#### Information supplied
···

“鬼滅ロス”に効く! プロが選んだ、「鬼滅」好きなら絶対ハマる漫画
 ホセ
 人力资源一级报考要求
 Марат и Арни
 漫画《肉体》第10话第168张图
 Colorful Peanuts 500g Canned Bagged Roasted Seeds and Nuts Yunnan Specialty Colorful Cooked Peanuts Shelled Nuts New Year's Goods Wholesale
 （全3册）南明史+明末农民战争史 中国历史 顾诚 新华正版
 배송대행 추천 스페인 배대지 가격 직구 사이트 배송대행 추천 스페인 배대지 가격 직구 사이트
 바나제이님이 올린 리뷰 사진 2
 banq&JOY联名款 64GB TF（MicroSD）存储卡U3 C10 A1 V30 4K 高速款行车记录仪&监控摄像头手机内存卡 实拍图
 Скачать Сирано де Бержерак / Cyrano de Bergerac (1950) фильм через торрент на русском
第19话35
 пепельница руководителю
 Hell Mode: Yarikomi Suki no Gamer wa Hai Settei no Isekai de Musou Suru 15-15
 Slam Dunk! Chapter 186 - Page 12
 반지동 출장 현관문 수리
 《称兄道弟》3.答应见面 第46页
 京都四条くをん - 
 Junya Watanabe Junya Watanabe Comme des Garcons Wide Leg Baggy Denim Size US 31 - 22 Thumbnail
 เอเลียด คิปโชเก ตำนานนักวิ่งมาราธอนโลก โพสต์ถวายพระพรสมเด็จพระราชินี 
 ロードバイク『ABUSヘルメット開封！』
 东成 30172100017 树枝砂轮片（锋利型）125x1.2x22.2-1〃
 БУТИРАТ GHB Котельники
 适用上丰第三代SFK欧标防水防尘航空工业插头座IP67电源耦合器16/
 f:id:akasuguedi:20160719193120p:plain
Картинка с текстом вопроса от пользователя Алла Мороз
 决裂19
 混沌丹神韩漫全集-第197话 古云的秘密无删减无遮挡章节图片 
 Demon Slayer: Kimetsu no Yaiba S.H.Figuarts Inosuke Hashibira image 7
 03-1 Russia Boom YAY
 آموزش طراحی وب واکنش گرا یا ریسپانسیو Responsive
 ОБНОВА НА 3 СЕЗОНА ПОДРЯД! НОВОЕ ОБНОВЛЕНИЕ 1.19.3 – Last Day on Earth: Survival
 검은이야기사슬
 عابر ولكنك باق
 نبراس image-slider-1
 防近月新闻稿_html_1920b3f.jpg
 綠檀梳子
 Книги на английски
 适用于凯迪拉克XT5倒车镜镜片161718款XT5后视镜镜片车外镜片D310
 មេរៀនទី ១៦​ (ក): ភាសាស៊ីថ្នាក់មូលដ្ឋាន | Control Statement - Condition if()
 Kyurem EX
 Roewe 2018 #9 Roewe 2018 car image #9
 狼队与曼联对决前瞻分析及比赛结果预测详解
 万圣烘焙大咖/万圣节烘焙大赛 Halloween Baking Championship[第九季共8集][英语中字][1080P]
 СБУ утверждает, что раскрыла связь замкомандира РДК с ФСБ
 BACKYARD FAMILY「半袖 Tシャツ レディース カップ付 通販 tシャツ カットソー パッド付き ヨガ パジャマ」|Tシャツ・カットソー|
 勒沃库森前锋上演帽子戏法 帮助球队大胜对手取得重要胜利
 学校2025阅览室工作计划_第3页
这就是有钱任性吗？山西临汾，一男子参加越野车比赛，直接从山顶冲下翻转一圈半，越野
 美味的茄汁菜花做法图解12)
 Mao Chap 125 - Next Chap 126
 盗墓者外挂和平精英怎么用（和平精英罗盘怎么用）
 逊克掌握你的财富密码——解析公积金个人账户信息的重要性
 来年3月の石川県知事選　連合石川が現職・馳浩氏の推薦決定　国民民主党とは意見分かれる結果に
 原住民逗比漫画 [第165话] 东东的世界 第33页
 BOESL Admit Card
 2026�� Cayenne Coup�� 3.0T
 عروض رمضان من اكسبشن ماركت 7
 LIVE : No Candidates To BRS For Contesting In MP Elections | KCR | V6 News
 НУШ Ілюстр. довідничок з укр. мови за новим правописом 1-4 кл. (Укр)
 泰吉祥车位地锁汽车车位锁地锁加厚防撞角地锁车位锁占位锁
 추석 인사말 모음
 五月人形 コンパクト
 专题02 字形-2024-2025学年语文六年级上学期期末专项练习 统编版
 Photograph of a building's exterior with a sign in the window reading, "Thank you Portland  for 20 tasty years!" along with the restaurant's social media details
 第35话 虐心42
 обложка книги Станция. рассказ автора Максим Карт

···

#### Task requirements
Show the lines above that have the word "image".

#### Finished exercise
 Demon Slayer: Kimetsu no Yaiba S.H.Figuarts Inosuke Hashibira image 7
 نبراس image-slider-1
 Roewe 2018 #9 Roewe 2018 car image #9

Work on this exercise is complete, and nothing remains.